One of the biggest problems Dave and Mike have run into when teaching new employees, most of whom are accustomed to Windows PCs, to use Largo's Linux-based network has nothing to do with the operating system: It is weaning them away from floppies. "How can we take work home without floppies?" is a frequent question they hear. Answer: "Email the file to yourself."

These people seem to sort of be the poster children for why linux can be used on the desktop.

This next bit was just downright funny:

There is also the problem of teaching new employees not to worry about backups . Many are so used to system crashes and network failures in Windows environments that they have trouble realizing, at first, that all their files are stored on reliable servers -- with backups -- instead of on a desktop PC where a crash can wipe out hours or days of work. But these doubts are typically overcome after an employee has used Largo's network for a little while. "I was skeptical at first," one receptionist confides, "because [the place I worked before] had a Windows network that was always having problems. Now I'm comfortable with the network here. It's very easy to use once you get used to it."

The only problem they seem to have is with OpenOffice still being in its early beta stages. Any suggestions for them?

OpenOffice in beta. (1)

pschmied (5648) | more than 12 years ago | (#2128746)

Hope this doesn't sound troll, but use KOffice. KDE 2.2 should be out today. I think it will include a much improved KOffice.


Re:OpenOffice in beta. (1)

bssea (79248) | more than 12 years ago | (#2116380)

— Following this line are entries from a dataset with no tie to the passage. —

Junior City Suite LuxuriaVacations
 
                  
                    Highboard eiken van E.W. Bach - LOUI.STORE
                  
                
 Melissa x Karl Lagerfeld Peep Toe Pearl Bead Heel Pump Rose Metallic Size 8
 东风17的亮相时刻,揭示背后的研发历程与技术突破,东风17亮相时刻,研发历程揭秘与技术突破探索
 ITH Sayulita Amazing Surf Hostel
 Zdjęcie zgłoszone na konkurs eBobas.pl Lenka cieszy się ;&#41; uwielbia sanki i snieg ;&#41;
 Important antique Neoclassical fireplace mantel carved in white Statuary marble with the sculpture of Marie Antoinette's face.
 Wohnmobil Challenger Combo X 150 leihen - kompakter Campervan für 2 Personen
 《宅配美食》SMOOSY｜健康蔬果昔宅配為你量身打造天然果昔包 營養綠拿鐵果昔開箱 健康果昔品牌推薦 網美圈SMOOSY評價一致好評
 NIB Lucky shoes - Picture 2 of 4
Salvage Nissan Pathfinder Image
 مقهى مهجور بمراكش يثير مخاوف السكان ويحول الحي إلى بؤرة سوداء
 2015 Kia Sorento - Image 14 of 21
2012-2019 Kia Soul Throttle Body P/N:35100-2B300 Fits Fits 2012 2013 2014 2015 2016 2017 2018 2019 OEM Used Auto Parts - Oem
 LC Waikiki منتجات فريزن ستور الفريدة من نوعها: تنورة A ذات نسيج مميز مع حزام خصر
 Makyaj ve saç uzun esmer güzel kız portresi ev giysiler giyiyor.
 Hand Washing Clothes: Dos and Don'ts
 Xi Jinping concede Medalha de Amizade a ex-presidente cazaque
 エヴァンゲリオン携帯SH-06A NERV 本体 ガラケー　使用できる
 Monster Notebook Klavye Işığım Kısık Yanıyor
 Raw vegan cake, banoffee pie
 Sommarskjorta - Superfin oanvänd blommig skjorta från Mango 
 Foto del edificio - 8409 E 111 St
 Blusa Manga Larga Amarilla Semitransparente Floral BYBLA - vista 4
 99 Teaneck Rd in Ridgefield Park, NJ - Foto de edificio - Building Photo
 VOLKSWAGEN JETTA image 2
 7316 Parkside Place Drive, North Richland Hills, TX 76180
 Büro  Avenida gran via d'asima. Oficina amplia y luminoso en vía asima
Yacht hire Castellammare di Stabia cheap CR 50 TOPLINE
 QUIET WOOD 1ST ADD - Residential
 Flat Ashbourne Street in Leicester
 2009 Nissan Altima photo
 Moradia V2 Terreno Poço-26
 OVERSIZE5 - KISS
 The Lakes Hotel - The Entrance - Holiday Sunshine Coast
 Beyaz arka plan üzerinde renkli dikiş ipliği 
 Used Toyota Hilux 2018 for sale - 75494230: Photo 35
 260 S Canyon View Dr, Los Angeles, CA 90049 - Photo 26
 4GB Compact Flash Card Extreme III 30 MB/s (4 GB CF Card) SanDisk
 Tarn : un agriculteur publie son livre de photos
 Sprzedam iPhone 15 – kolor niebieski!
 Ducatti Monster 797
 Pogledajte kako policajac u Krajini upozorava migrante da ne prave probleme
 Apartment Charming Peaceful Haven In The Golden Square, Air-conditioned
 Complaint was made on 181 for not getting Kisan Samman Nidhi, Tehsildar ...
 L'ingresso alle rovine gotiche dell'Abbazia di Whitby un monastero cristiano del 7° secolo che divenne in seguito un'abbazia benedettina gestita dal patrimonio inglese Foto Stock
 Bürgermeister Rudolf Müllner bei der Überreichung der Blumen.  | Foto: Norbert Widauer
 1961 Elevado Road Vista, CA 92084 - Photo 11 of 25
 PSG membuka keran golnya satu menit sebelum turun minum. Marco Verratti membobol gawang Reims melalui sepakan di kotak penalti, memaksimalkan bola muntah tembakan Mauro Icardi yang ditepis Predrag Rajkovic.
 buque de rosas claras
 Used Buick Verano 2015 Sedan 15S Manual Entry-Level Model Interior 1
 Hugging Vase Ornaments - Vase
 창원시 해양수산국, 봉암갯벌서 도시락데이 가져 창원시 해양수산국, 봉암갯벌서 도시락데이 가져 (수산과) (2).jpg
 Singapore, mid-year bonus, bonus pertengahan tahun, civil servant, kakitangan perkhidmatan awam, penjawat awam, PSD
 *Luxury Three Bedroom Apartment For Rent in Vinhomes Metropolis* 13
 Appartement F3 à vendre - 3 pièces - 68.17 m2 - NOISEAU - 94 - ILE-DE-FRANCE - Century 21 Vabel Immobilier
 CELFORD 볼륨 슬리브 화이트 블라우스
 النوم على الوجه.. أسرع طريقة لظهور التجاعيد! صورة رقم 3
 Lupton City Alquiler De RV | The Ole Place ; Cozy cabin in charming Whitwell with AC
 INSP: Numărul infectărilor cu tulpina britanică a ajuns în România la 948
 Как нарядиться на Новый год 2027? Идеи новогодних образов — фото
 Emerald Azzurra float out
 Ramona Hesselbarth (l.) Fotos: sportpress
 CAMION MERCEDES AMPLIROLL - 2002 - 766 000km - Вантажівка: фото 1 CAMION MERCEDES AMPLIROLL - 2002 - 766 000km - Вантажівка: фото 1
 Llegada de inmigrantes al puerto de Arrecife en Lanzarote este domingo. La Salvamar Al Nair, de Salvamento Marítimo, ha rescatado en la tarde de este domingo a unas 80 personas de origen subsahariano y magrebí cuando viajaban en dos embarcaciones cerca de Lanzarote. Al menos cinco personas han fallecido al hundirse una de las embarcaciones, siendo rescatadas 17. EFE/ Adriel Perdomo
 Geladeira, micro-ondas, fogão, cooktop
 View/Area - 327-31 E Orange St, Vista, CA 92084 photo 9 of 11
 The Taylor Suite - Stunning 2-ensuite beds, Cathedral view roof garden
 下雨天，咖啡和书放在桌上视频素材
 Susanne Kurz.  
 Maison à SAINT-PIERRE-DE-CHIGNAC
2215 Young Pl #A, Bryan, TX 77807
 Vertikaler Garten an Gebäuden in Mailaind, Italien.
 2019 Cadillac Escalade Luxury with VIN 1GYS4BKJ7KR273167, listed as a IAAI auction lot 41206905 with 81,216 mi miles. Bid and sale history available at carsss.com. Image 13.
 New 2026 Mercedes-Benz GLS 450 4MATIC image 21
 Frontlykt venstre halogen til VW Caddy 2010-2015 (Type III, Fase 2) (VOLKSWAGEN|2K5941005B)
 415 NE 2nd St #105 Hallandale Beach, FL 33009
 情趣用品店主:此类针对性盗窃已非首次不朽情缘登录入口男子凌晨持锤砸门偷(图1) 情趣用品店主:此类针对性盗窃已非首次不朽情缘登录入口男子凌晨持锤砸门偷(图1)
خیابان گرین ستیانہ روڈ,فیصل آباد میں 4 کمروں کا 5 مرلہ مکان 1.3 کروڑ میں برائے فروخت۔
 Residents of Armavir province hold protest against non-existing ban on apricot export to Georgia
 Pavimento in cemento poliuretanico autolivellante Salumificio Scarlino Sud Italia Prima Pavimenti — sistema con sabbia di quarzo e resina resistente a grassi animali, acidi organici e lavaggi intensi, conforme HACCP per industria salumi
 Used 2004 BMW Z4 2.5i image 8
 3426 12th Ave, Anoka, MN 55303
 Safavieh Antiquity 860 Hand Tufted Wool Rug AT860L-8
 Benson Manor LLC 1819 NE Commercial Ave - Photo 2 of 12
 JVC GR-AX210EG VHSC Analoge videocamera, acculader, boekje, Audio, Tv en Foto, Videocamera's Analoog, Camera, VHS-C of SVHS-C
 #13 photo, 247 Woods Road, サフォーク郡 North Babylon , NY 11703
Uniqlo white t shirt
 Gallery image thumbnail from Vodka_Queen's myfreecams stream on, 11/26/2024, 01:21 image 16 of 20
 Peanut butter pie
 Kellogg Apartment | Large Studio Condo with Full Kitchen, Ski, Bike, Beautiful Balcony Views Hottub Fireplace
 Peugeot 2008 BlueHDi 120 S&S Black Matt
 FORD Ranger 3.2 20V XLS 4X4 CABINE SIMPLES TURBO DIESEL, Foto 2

heh.. yes you sound like a troll.

And every person has their opinions. I am not a fan of KOffice. To me it hasn't reached what Star Office 5.2 can do, let alone what Open Office can do. Now that, my friend, a true troll.

Re:I submit to you (0)

Anonymous Coward | more than 12 years ago | (#2128814)

the comment about backups was certainly FUD. I support about 150 windows machines at work and if windows or MS Word does die, you'll only lose unsaved changes. This is very rare though, I only get about one reported case per month. Now if the entire hard disk dies which has nothing to do with the OS, then you might lose days of work.

Re:I submit to you (1)

LoudMusic (199347) | more than 12 years ago | (#2142544)

Apple has done this by removing the floppy drive all together. But I know what they're talking about in the difficulty of weening users off of floppies. I stopped buying new ones two years ago for my users, and today they're still coming to me bugging me. We quite a robust mail system, and a file server with over 340GB of space. We don't need no stinking floppies! Besides, floppies are fragile and slow. Use the wire, that's what it's there for.


die (0)

Anonymous Coward | more than 12 years ago | (#2144654)

oh, huh huh. I founda da part of da artical tat saz linix GOOD WINDOWS BAD.


Linux on the desktop (2, Insightful)

Anon-Admin (443764) | more than 12 years ago | (#2160037)

I have been pushing linux on the desktop for a couple of years. Administration (For the experienced admin) is easy and the end users can not mess the system up. I have been running is at home [xganon.com] for some time and my wife and daughter (Age 30 and age 8 respectively) find it easier to use. Both feel that the fact that they can not "Mess the system up." helps them to explore and try new things on the computer as they are not worried about breaking it. I have suggested that attorneys move to Linux with X11 as most of there work is done on Word Perfect. With that they can set up Xterms and a primary server and all upgrades, Data Storage, and backups are done in one location. There are many advantages to Linux as well as some disadvantages. I am not saying it is right for all tasks. I have yet to find a good voice mail system for linux and have kept all my voice mail functions on a windows system. There are other disadvantages but as time goes on those are slowly going away.